Study 3 – The Risk Management Process Continued
1. What factors affect the selection of the best risk management technique for risk exposures? (p. 2)
Once exposures have been identified and analyzed and alternative risk management techniques formulated to minimize the effects of those exposures, the best apparent technique or combination of techniques for dealing with each exposure is chosen.
Treatment methods will be combined and integrated to effectively and economically control exposures. Each client is unique and must be examined independently to assess the appropriate choice for it. But the future is uncertain, the choice made can only reflect what appears to be the best technique.
2. Described the “insurance method” approach to the purchase of insurance? (p. 2)
One approach to technique selection which was once very widely used was the insurance method.

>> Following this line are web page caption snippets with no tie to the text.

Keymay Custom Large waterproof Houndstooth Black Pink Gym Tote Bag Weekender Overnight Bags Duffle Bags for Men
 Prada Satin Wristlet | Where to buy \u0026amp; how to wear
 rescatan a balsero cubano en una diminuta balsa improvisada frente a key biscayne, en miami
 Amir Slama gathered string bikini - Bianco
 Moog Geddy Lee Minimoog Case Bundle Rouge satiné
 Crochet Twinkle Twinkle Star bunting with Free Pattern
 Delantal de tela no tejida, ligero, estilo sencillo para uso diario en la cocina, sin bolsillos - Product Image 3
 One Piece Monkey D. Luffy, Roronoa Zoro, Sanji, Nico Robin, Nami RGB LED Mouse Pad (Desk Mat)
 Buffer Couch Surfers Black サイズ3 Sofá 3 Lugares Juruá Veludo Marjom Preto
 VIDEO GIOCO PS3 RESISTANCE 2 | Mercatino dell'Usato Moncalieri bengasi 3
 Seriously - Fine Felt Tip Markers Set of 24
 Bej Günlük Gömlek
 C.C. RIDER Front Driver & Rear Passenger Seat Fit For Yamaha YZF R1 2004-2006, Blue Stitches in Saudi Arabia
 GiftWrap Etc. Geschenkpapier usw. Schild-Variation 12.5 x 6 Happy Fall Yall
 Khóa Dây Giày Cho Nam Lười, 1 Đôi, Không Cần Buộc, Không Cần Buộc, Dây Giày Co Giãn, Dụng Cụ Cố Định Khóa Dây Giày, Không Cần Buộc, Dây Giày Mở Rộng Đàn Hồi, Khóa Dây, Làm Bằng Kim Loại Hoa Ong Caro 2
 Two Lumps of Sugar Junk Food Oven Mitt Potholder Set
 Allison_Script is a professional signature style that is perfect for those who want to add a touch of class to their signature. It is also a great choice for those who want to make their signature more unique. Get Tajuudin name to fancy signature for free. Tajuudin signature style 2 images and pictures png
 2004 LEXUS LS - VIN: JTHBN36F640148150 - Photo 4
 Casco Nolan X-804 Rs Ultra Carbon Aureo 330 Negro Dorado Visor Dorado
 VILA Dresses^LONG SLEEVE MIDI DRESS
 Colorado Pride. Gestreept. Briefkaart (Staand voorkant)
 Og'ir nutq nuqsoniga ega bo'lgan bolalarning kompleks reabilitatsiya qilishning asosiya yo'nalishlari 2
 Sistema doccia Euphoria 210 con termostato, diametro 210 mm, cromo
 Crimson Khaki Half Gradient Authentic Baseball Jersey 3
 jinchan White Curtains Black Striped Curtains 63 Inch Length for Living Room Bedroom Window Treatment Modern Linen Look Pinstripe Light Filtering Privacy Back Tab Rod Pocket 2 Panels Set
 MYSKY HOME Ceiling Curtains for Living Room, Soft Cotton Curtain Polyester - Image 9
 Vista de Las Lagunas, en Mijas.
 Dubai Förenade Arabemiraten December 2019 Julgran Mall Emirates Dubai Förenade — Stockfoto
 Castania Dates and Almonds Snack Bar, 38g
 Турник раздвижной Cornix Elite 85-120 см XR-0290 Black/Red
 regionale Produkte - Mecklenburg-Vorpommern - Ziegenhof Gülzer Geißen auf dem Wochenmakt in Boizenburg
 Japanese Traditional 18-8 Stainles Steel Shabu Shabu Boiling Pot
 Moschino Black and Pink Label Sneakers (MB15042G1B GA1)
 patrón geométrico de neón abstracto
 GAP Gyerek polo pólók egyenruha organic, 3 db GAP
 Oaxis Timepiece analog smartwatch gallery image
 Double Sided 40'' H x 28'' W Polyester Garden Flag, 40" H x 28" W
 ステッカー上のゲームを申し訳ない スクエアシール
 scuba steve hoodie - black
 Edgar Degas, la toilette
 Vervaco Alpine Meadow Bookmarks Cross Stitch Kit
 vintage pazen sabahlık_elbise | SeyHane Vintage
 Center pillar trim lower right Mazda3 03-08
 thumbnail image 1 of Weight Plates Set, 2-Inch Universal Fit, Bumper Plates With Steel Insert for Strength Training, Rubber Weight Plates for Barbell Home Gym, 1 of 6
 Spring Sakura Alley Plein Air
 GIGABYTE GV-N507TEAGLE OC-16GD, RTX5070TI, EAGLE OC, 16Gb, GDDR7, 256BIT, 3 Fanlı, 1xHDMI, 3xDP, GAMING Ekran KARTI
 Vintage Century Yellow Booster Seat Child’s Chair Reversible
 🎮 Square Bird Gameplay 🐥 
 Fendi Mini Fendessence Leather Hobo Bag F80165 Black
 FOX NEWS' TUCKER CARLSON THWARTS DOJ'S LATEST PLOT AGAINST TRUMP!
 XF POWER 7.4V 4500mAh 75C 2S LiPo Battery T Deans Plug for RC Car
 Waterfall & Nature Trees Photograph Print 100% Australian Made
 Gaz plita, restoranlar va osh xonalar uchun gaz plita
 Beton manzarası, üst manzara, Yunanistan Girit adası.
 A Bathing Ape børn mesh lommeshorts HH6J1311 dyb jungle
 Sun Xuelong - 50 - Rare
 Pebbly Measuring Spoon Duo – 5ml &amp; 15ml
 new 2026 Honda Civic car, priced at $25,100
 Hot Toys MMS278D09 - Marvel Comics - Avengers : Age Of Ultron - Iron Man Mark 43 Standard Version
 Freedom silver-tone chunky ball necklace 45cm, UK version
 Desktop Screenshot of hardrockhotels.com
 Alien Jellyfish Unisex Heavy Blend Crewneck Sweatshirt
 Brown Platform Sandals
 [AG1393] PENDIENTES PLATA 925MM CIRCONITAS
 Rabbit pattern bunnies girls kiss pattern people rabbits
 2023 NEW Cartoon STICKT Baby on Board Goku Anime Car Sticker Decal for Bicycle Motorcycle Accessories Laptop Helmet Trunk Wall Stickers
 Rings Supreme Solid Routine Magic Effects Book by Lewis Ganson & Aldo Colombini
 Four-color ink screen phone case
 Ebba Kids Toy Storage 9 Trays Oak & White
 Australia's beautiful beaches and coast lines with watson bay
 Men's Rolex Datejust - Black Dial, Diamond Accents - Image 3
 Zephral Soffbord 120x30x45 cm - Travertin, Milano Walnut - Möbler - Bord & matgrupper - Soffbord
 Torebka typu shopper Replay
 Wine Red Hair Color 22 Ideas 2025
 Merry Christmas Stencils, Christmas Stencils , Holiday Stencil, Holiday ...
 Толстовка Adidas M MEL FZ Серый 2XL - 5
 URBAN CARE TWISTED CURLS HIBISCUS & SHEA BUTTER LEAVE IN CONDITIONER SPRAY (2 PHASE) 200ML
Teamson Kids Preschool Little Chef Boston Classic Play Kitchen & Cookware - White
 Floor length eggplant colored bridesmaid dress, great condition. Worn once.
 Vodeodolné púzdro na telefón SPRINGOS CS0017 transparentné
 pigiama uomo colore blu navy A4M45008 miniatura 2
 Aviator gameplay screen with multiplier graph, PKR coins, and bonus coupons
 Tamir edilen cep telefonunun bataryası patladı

The potential client asked the producer or the insurer to price all possible insurance coverages and to assist in prioritizing the various kinds of insurance into three categories: essential, desirable and available. The buyer would then start with the essential coverages and continue to buy until funds budgeted for insurance were used up.
3. What is the “minimum expected loss method”? (p. 3)
The technique wherein the cost of each possible risk management technique is calculated and the results of applying each technique to potential losses is estimated. The program that best meets the organization’s objectives with the lowest overall cost is the one which will be chosen.
4. What is the major problem associated with the minimum expected loss method? (p. 3)
The major problem in using this approach is that loss costs are often difficult to predict with certainty and the effect of major capital expenditures for loss control must be adjusted to the short term.
5. Review the Ten-Year Projection of the BonTon Department Store. (p. 3)
6. Review the Yummy Ice Cream Company case study. (p. 3)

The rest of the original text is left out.